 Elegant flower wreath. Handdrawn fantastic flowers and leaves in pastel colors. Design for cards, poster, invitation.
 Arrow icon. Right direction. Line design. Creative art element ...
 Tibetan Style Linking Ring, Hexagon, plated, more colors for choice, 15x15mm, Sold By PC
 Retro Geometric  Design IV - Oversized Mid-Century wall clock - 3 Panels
########################################
What you have to do |
When you transcribe the listing, make each line match the original exactly.

Task output |
 Elegant flower wreath. Handdrawn fantastic flowers and leaves in pastel colors. Design for cards, poster, invitation.
 Arrow icon. Right direction. Line design. Creative art element ...
 Tibetan Style Linking Ring, Hexagon, plated, more colors for choice, 15x15mm, Sold By PC
 Retro Geometric  Design IV - Oversized Mid-Century wall clock - 3 Panels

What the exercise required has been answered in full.